If it doesn't work now dare I chase it?

Words are at a loss,
Nothing said can make right,
The one chance, only chance,
Is lost without fight,

So I close my eyes,
Hold out open hands,
Walk into the darkness,
Hope to find where He stands.

Tuesday, January 05, 2010

Help w/ New Blog Name!

I am so in love with Greg Laswell right now it's not even a joke. He's definitely going to be either my first, or one of my first blog posts on my new music blog! It's not necessarily about new music...but it's new, and it's gonna be about music. I need a cute title. Apparently the title of this blog is cheesy (thanks, carrie), but I like it hence it does not change. So once I have a good title I will launch it, and post its address on this one, so that all or none may read it.

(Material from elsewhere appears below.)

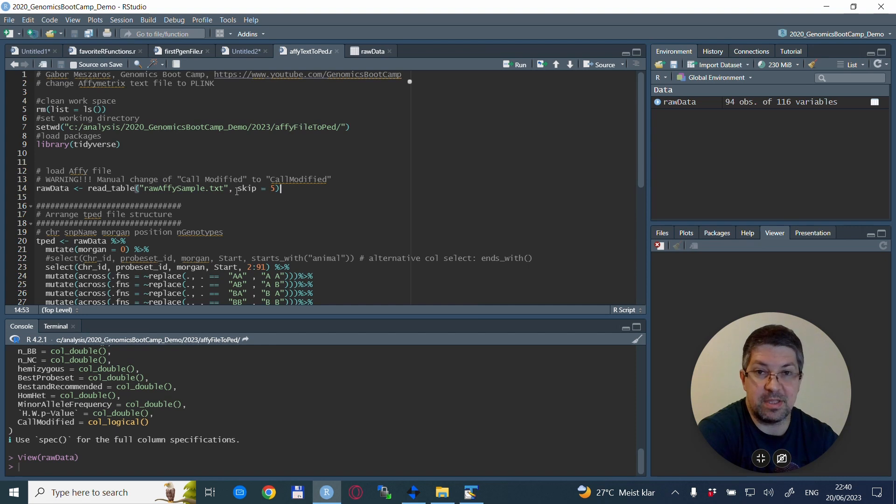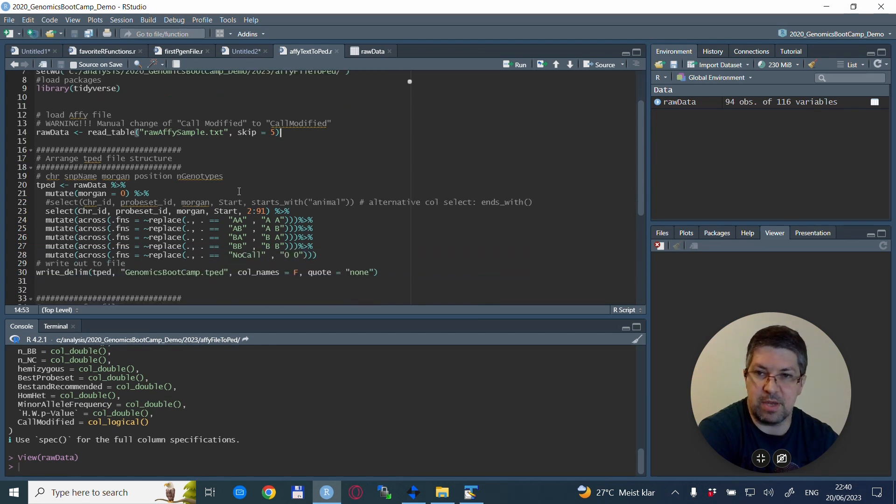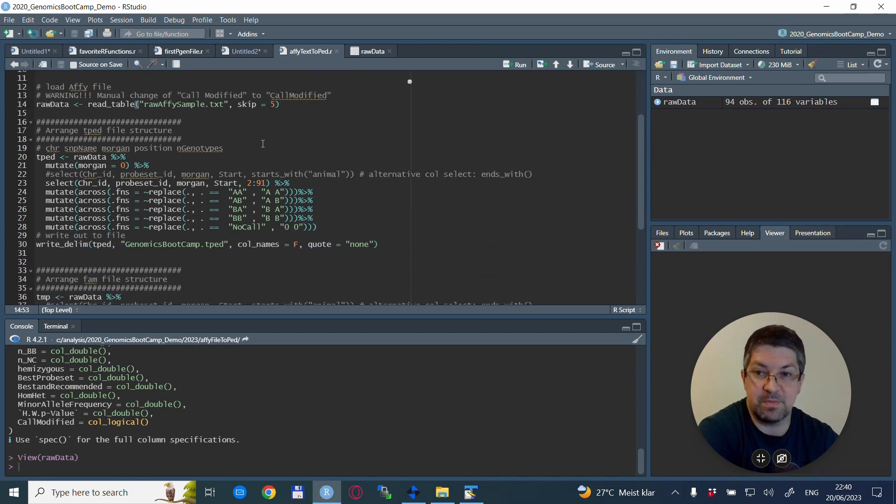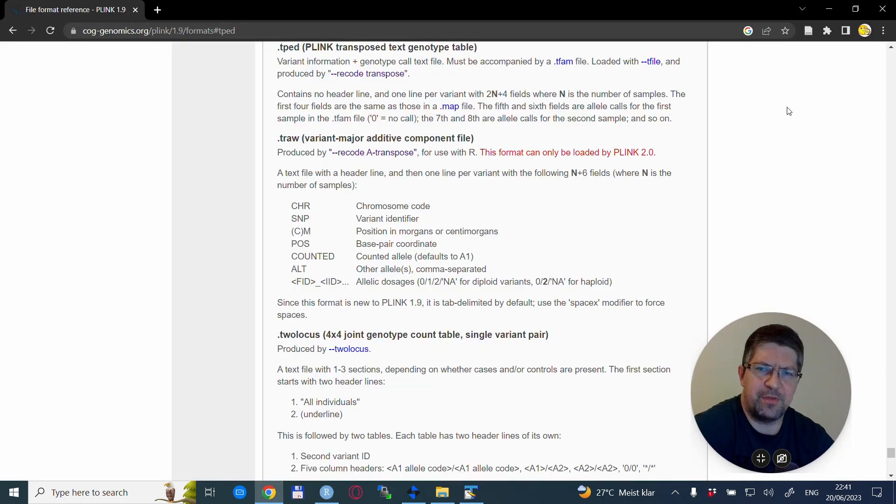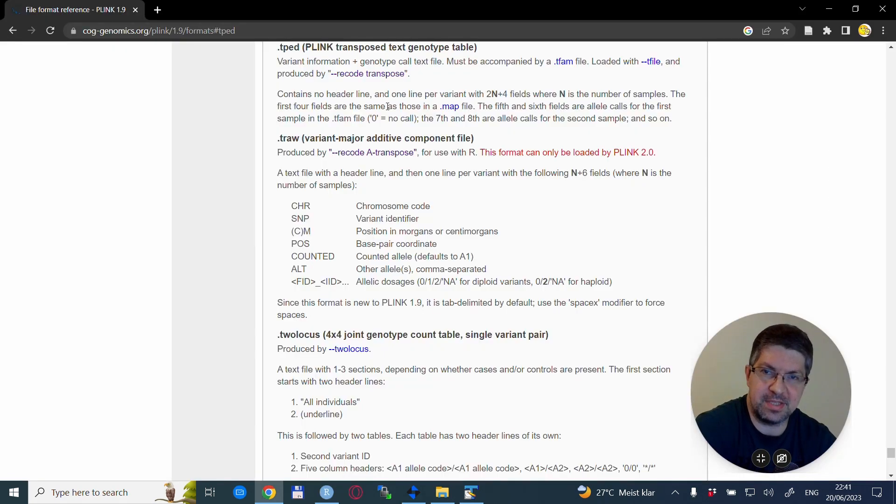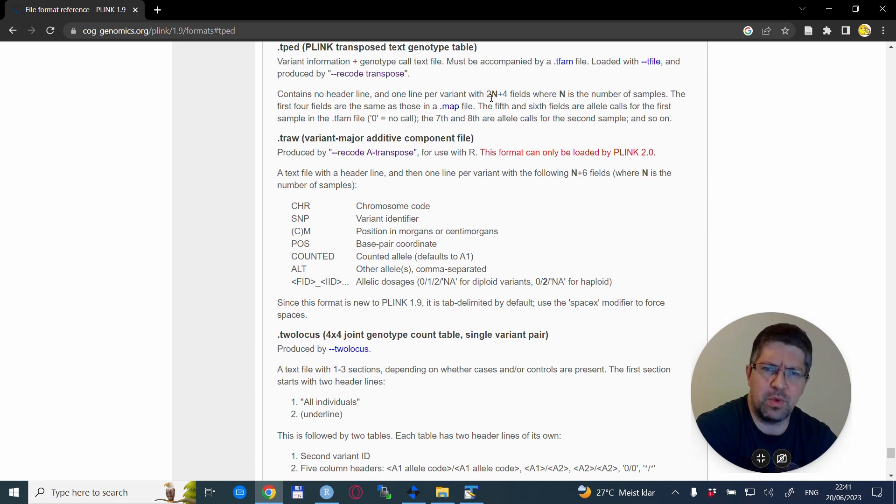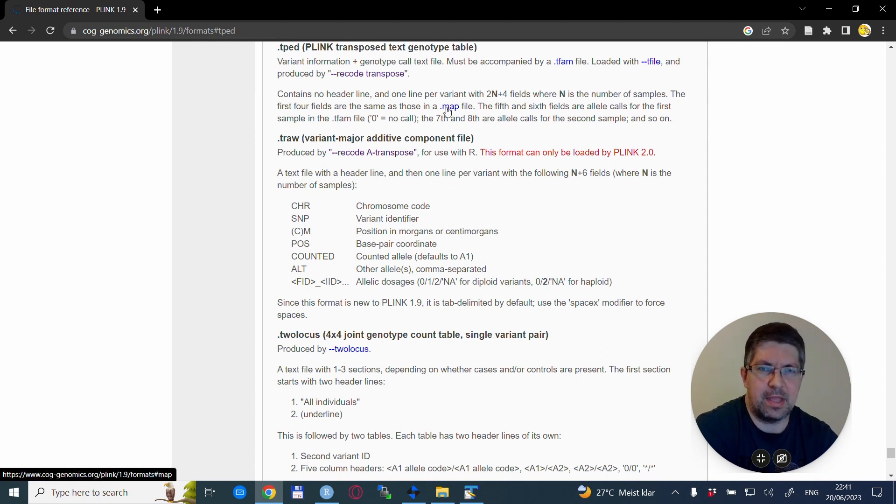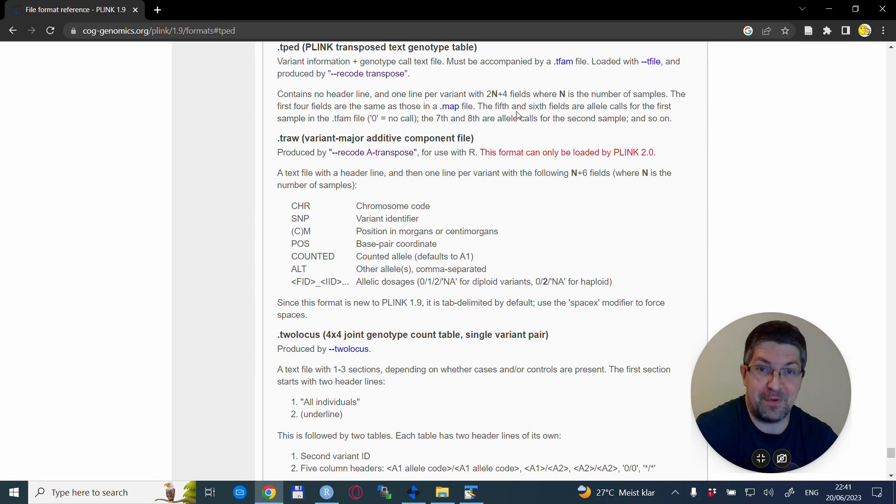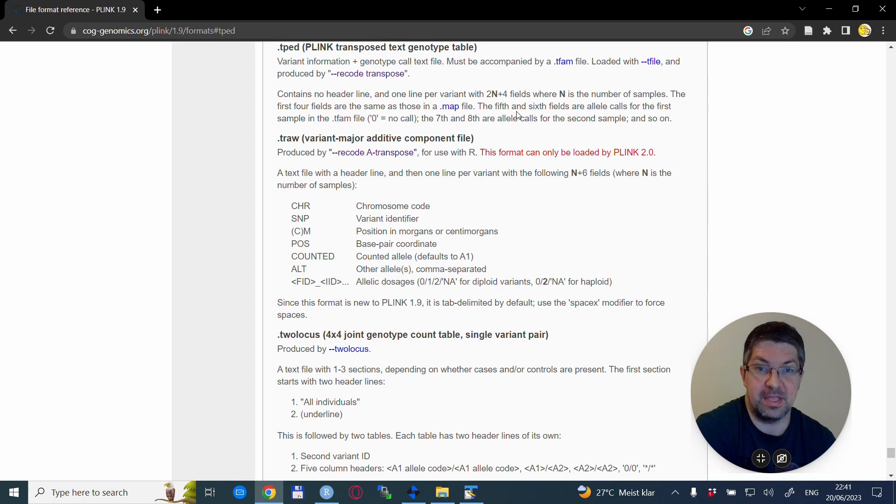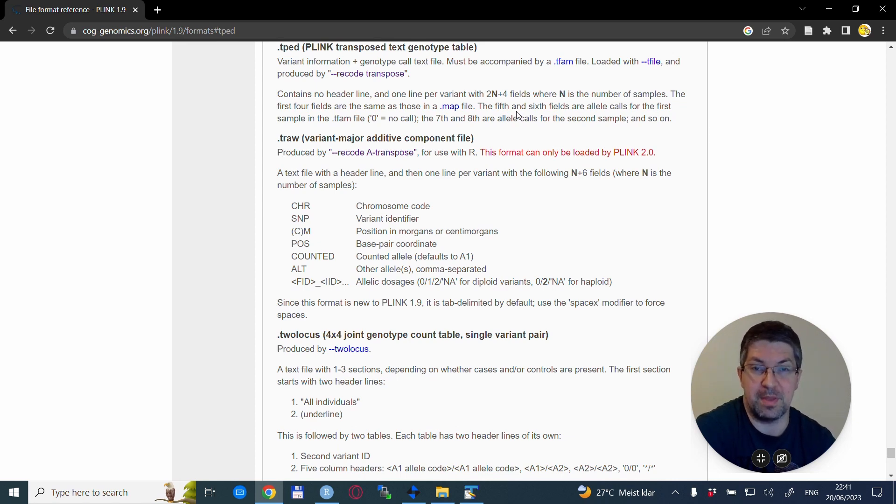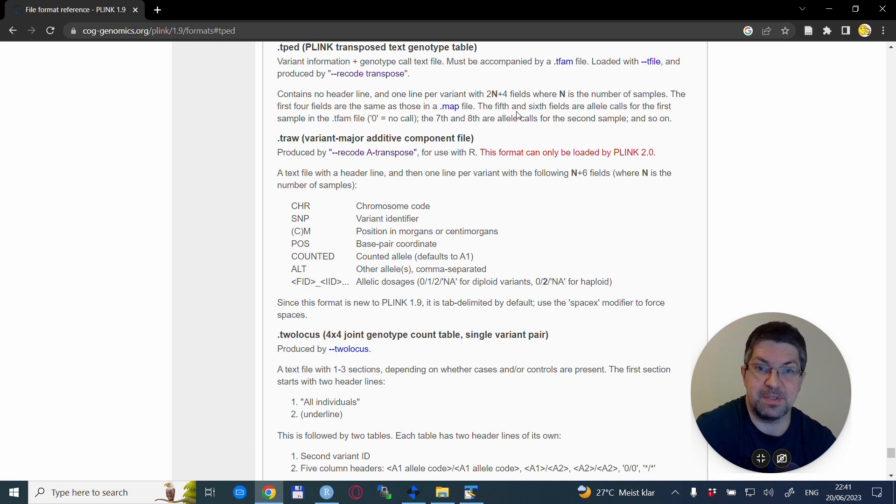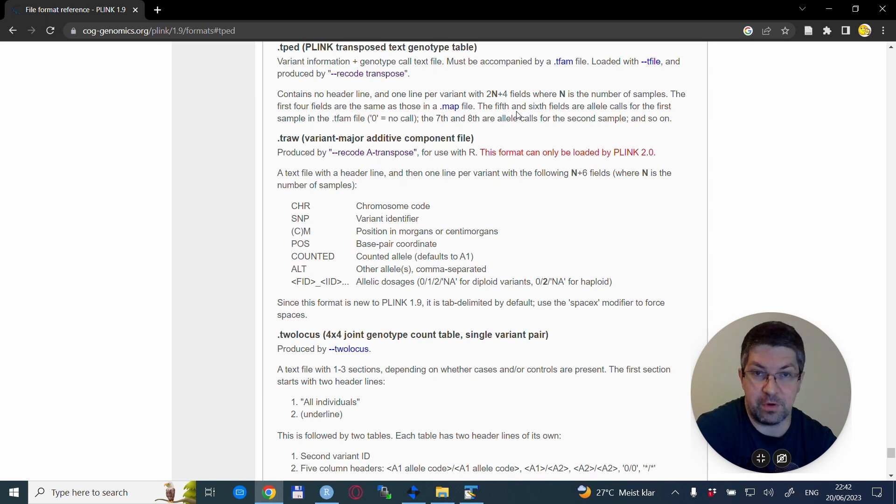And as many columns, or twice as many columns, as many SNPs you have. Now, this is an opposite one, or a transposed ped file. So in here, the individuals are the columns and the lines are the SNPs. So we need to change that and adapt it a little bit so it is a regular tped file, or transposed ped file.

Don't expect it to be too good, cause I feel that sometimes I overestimate my writing abilities. Thankfully the artfulness of writing (or lack thereof) used in a blog cannot be judged, there isn't really a ruler by which to be measured. Doesn't mean my thoughts aren't just pointless enough that I shouldn't bother to write them out.

I've gone through a lot of phases in my music listening career. Some songs from all the phases have stuck with me as favorites, but it's interesting because I can't really define my taste.

Currently, I'm really liking stuff like Greg Laswell, Bon Iver, Jose Gonzalez (though I only own 3 songs of his), and Band of Horses. I'm horrible at learning about new music. It only makes its way to me after most others have already heard of it, haha. That is my certifiable pitfall to this upcoming blog, I don't really plan on writing about stuff people haven't heard of, because I haven't heard of that stuff. Haha. So feel free to pitch me a copy of a CD, if you think it'd be good to write about.

When this little project will begin, I can't say because I need to ponder a good name. I can't start writing without a solid blog name. So for now, that's what's going down.